Author(s)

Mohanbir Sawhney

In June 2025, Walmart launched Sparky, its agentic AI shopping assistant designed to replace keyword search with a true service experience. Instead of browsing product lists, customers could state goals, such as hosting a cookout or planning weeknight dinners, and Sparky would plan, reason, and act to deliver a complete solution. Sparky could compress the consumer journey from intent to fulfillment by working across Walmart's retail stack (catalog, inventory, pricing, fulfillment, services).
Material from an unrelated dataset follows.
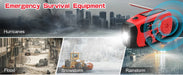 2000mAh Rechargeable Hand‑Crank Emergency Radio with LED SOS and USB Charger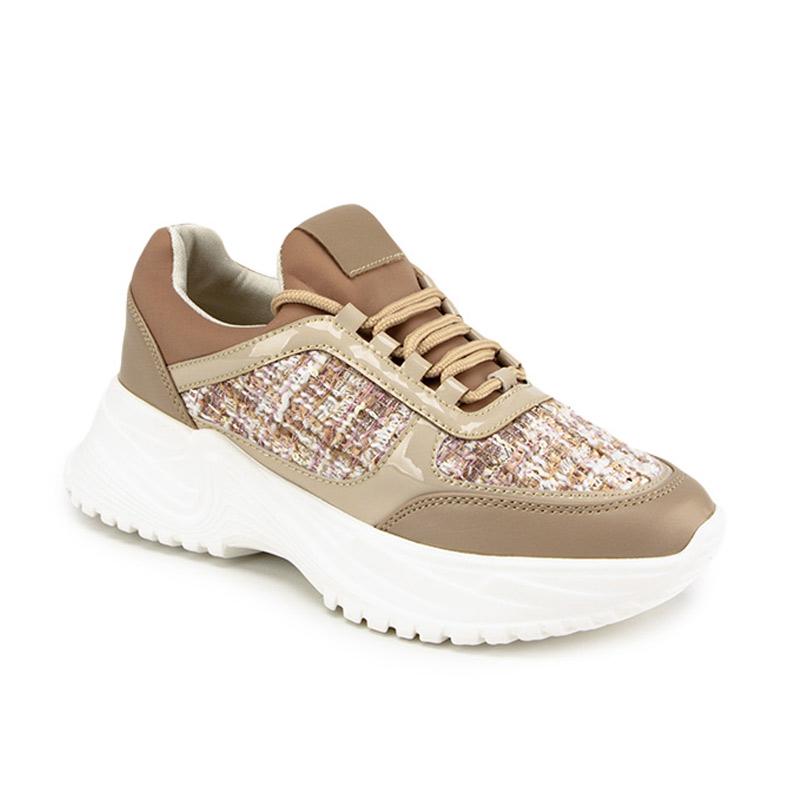 beige white sneakers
Sparky represented a strategic bet for Walmart as it moved to redefine shopping search journeys, strengthen customer loyalty, and unlock new monetization models through AI. The launch came at a critical juncture. Walmart faced intensifying competition from Amazon's Rufus and Instacart's Ask Instacart, both of which were embedding generative AI into their retail operations. Walmart's differentiation rested on two pillars: agentic depth--multi-step planning and action rather than single-shot answers--and openness, by designing Sparky to interoperate with other agents rather than locking customers into Walmart alone. The case places students in the shoes of Walmart's executive team as they consider three strategic dilemmas. Should Sparky prioritize customer experience or retail media monetization through advertising revenues? How far should Walmart go in personalization without making customers uncomfortable about privacy? Should Walmart build proprietary AI capabilities to maintain control over and differentiation in its technology stack, or should it partner for speed and focus?

Date Published: 01/05/2026
Discipline: Marketing;Strategy;Technology
Key Concepts: AI and machine learning, Digital media, Digital strategy, E-commerce, Generative AI, Personal data privacy, Personalization, Product management, Omnichannel
Citations: Sawhney, Mohanbir. Walmart's Sparky: Agentic AI and the Future of Shopping. KE1435.